Riot Games will pay a $100 million settlement for gender discrimination lawsuit


Samriddha Saha


Dec, 29.2021

Riot Games, the company behind popular games like Valorant and League of Legends is compelled to pay $100 million to resolve a class-action gender discrimination case. The payout is ten times what the corporation had agreed to pay in the first place.

Riot is compelled to pay $10 million to thousands of class members when the California Department of Fair Employment and Housing (DFEH) and the Division of Labor Standards Enforcement (DLSE) intervened to oppose the settlement in 2019. Instead, the two-state governments proposed that Riot be fined up to $400 million for its labor violations.

Former Riot employees Melanie McCracken and Jes Negrón filed the first complaint in 2018, following a Kotaku story detailing systemic sexism and gender-based discrimination within the firm.

The majority of the $80 million settlement will go to women who have worked with Riot since November 2014, either currently or previously. According to the DFEH, at least 2,365 people, including contract workers, are eligible to receive a portion of the settlement. The remaining $20 million will be paid in attorney fees and "other miscellaneous charges," according to Riot.
Former Riot artist Gabriela Downie said, "Announcing one's truth is the singularity that changes everything in the struggle for equality." "I'm grateful to the other Riot women who stood up with me, as well as all the Rioters who backed our efforts to demand equal pay and treatment for women. It takes courage to stand up against oppression and sadness, but the right people will hear you and help you."

Riot consented to "significant systemic adjustments" in addition to the $100 million compensation, including a three-year "female equity audit" of salary, promotions, and assignments by an outside expert. Riot has committed to set aside $6 million per year for the next three years, for a total of $18 million, to fund diversity programs and pay equity adjustments.

Riot intends to "lead by example in bringing more accountability and equity to the gaming industry," according to a statement released by the company. The complete statement from Riot is as follows:

Riot was at the center of reckoning in our industry three years ago. We had to admit that, despite our best efforts, we hadn't always followed through on our ideals. We were at a fork in the road as a company; we could either deny our culture's flaws or apologise, reverse course, and build a better Riot. We went with the latter option.
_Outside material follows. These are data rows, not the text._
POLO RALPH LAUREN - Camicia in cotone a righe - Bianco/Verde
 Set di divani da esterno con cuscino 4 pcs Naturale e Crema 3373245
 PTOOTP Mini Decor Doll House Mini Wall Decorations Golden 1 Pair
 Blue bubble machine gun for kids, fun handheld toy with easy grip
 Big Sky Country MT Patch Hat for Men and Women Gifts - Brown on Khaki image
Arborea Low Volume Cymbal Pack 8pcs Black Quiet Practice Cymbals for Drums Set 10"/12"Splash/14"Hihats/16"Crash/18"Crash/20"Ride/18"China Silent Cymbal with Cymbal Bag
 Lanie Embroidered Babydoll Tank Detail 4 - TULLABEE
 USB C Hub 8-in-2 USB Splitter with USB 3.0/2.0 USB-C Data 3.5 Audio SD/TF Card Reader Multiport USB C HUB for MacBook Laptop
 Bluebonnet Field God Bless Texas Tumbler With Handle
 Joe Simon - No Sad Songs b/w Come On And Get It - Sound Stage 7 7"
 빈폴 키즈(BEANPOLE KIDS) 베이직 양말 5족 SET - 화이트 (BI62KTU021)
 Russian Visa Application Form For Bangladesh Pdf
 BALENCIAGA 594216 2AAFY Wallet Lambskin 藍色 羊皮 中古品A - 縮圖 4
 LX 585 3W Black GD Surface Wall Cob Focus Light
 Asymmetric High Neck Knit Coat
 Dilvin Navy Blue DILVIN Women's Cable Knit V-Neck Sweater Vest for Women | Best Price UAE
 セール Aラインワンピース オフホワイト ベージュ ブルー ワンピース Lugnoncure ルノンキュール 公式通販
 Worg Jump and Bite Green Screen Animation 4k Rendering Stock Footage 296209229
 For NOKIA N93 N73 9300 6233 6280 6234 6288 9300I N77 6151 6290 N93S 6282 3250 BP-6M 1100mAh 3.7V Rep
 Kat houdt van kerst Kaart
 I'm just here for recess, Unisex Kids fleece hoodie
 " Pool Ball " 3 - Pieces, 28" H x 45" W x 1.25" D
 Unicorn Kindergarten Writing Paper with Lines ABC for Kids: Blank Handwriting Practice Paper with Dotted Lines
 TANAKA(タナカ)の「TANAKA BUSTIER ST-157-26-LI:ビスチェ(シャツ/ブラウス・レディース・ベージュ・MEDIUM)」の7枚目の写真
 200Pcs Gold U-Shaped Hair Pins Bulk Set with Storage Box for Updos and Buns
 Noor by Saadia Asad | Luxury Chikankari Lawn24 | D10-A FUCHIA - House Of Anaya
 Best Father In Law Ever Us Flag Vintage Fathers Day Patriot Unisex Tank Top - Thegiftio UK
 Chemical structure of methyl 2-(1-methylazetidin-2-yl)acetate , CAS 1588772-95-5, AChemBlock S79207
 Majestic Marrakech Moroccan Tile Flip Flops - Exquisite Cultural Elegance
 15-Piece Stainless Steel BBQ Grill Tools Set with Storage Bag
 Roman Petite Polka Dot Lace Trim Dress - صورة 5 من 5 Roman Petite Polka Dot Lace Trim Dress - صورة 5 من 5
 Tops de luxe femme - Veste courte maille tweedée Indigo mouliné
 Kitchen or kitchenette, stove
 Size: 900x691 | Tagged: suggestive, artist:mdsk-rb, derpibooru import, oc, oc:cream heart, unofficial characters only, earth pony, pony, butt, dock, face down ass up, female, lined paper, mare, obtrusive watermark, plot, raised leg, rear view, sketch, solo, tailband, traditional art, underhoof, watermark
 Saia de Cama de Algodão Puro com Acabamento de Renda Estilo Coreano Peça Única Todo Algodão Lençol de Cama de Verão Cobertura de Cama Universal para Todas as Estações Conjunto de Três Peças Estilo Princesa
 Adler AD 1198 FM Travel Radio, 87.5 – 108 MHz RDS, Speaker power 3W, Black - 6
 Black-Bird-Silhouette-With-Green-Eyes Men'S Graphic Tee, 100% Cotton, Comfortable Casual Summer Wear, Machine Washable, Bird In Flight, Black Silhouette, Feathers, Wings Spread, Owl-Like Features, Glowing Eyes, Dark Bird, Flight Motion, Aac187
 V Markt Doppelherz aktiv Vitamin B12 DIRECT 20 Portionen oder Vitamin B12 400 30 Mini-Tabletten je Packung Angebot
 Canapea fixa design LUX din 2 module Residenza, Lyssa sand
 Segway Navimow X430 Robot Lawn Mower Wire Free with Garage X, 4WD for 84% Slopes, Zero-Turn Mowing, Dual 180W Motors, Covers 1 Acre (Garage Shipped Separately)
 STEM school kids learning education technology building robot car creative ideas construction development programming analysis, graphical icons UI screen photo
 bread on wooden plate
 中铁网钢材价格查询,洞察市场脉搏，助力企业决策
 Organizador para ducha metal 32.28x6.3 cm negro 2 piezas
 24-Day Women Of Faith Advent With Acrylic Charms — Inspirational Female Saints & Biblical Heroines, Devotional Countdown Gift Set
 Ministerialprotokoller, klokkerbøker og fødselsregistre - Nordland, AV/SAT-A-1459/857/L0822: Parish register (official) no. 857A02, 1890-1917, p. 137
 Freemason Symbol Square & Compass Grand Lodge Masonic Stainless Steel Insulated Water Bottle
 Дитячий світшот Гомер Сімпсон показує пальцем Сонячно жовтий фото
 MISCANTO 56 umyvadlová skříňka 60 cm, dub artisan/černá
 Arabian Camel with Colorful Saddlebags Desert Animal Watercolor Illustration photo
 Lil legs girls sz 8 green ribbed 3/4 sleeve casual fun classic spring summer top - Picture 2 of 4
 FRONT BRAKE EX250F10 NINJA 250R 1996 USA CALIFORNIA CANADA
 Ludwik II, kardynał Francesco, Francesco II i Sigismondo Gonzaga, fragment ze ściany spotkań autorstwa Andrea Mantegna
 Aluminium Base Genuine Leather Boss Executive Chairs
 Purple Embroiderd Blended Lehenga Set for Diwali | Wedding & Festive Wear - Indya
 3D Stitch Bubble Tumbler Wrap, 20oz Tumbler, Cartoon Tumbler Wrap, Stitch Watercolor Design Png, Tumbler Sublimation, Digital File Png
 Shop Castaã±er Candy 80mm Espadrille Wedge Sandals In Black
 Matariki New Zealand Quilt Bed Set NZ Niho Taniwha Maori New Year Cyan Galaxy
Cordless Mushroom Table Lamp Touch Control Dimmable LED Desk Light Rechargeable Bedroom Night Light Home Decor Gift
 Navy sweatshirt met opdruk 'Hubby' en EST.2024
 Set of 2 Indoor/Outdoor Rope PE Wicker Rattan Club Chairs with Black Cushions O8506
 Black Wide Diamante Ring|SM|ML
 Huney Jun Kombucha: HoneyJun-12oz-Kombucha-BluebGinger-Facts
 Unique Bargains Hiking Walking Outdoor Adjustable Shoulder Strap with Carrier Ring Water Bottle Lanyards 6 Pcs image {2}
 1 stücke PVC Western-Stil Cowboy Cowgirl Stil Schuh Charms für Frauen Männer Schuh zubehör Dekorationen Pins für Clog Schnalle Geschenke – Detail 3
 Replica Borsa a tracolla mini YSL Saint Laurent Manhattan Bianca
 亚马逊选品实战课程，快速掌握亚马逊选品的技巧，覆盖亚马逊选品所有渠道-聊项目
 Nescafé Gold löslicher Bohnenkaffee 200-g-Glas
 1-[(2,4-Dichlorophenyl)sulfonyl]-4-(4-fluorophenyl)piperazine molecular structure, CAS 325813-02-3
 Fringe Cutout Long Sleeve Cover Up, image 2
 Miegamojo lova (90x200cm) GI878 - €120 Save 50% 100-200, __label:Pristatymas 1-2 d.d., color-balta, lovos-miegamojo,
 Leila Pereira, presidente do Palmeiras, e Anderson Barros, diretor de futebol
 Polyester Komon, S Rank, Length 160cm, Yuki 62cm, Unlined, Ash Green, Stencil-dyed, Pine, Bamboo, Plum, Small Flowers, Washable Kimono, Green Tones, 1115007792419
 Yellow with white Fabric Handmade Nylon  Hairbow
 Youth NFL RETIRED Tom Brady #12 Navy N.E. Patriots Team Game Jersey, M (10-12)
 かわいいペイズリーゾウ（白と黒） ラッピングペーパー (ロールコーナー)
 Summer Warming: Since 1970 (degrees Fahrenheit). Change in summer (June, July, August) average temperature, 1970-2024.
Every Rioter who has strived to establish a culture where inclusivity is the norm, where we're sincerely committed to fairness and equality, and where embracing diversity stimulates creativity and innovation deserves our deepest gratitude.

While we should be pleased with how far we've gone since 2018, we must also accept responsibility for the mistakes we've made in the past. We hope that this agreement adequately recognizes people who had poor experiences at Riot and indicates our commitment to leading by example in bringing more accountability and equality to the gaming industry.

Sharon O'Donnell, a former Riot executive assistant, filed a second gender discrimination and wrongful termination complaint in 2021. O'Donnell claimed in it that she was fired by CEO Nicolo Laurent after she reported him to human resources.
The video game industry is still dealing with sexism and workplace misbehavior as part of its "reckoning." Activision Blizzard, Ubisoft, and Sony Interactive Entertainment have all been accused of discriminating against women and minorities. Following their own DFEH probe, Activision Blizzard was hit with a slew of lawsuits. Smaller studios, such as Fullbright, the developer of Gone Home, and Scavengers Studio, the developer of Season, have also been accused of the same thing. Workers' solidarity has grown as a result of these charges, with walkouts, strikes, unionization, and other measures.

Riot employee Gina Cruz Rivera issued a statement through lawyers saying, "To the rest in our industry, keep speaking up and pushing for responsibility." "Your input is important, and by working together, we can make this business safer and more inclusive for all."